Klassenrat
Konflikte lösen, Gemeinschaft erleben, Selbstwirksamkeit erfahren
Der Klassenrat schlägt mehrere Fliegen mit einer Klappe: er ist der Ort, an dem Konflikte in der Klassengemeinschaft gelöst werden können, hier lernen Schüler in Eigenregie, sich über Fragen des Schullebens zu einigen und ihren Schulalltag verantwortlich mitzugestalten. Und so ganz nebenher eignen sie sich Kernkompetenzen wie konstruktives Kommunizieren, Leiten von Diskussionen, Präsentieren und Protokollieren von Ergebnissen an.

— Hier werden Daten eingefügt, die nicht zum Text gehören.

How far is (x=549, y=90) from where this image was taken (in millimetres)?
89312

Der Effekt: Das Klima in der Klasse wird besser und Schüler erleben „Selbstwirksamkeit“, einen der zentralen Resilienzfaktoren. Das gelingt allerdings nur, wenn der Klassenrat nicht als „irgendein Klassengespräch“, sondern als anspruchsvolle Einrichtung verstanden wird, bei dem strukturelle Elemente wie Regelmäßigkeit, feste Terminierung, ritualisierter Ablauf, Spielregeln und der partizipative Ansatz ernst genommen und eingehalten werden.
Ziele:
Im ersten Teil lernen Sie die Grundideen und die wesentlichen Elemente des Klassenrats kennen. An unterschiedlichen Beispielen werden die thematischen Schwerpunkte Lob, Kritik und Wünsche vorgestellt. Sie diskutieren die praktischen Probleme (und deren Lösung) sowie die Grenzen des Klassenrats. Im zweiten Teil beschäftigen Sie sich mit der Vorbereitung der Schüler/innen auf die anspruchsvollen Aufgaben und den konkreten Schritten der Einführung ins Schulleben.
Inhalte:
- Grundverständnis und gute Argumente für den Klassenrat
- Rahmenbedingungen: Zeit und Raum
- Elemente: Wandzeitung, Rollen, Ablauf
- Regeln für die Gesprächskultur, Absprachen
- Vorbereitung (Kommunikationsübungen), Einführung, Begleitung
Auf Anfrage organisieren wir entsprechende Seminare für Schüler(vertreter) in Kooperation mit dem SV-Bildungswerk in Berlin. „Das ist doch nichts anderes als unsere frühere Orientierungsstunde“, „Das können die doch gar nicht, das gibt nur Chaos“ oder: „Die Zeit dafür haben wir nicht“… sind häufig vorgebrachte Bedenken gegen das Modell. Der Klassenrat ist aber mehr als die Orientierungsstunde, weil er in der Regie der Schüler/innen liegt, die das nach einer guten Anleitung und unter regelmäßiger Begleitung sehr wohl – sogar in der Grundschule - in Eigenregie können, und die investierte Zeit gewinnt die Klasse durch das verbesserte Klima und die gelösten Konflikte mehr als zurück.